北京6ー瀋陽日記

 悪夢のような夜だった。30分置きに肺をえぐるような咳、肺胞ごとに納豆の菌糸が絡みついていて、咳とともにその一部が剥がれるような咳、背中を丸めてエビになっているとその背中を叩きつけるような咳、咳にもいろいろなタイプがあることを思い知らされた。6時頃には、ベッドを出て、前夜は寒くて剃らなかった髭を当たって、8時半きっかりにロビーへ下りた。Kさんは先に待っていた。「今来たばかりだ」といったが、それでも、2,3分前には来ていたようだ。カウンターで食券をもらったら、kさんも食券を2枚もらって、1枚を部屋に持っていった。ドアをノックしているのを少し離れてみていると、バスタオルを胸に巻いた女性が顔を出して、チケットを受け取って、一瞬こちらを見た。ドキッとした。
 食堂に入って驚いたのは、客の9割は欧米系の人たちだった。「北京古韵坊怡景酒店=Beijing Traditional view Hotel」という名前が示すように、純中国風のところが欧米系の人びとには好ましいようだ。聞くと「中国に来てまで、westernstyleのホテルに泊まりたいとは思わないから」とKさんは解説してくれた。勿論、値段がネットで300元程度というのが、値頃感を与えているのかも知れない。それに、恐らくは、彼らのガイドブックなどには紹介されているのかも知れない。
 さて、朝食はどことも同じようなメニューの中から、パンを2切れと中国風ピクルスといった野菜、ゆで卵、オレンジジュースとホットミルクという取り合わせにした。(勿論ビュフェ方式)

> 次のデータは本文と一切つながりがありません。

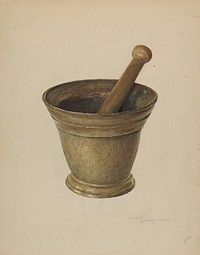 Brass Mortar and Pestle (ca. 1939) by Carl Buergerniss.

(写真は朝の胡同の様子。昨夜の賑わいがうそのようだ。)


 暫くすると、先程の女性が現れた。紹介によると、撫順の高校で英語教師をしていたスェーデン女性でHさんと言った。息子と娘が先にきていて、今日ここで落ち合う約束をしていたのだという話しだった。そういえば、先程、Kさんと立ち話をしていた可愛い17歳ぐらいの女の子がこちらに近づいてきた。側には少し年長の息子が立っていた。女性も男の子も素晴らしく背は高いのだが、少女のほうは少し小柄でまだ華奢な骨格であった。きっと父親似なのだろう。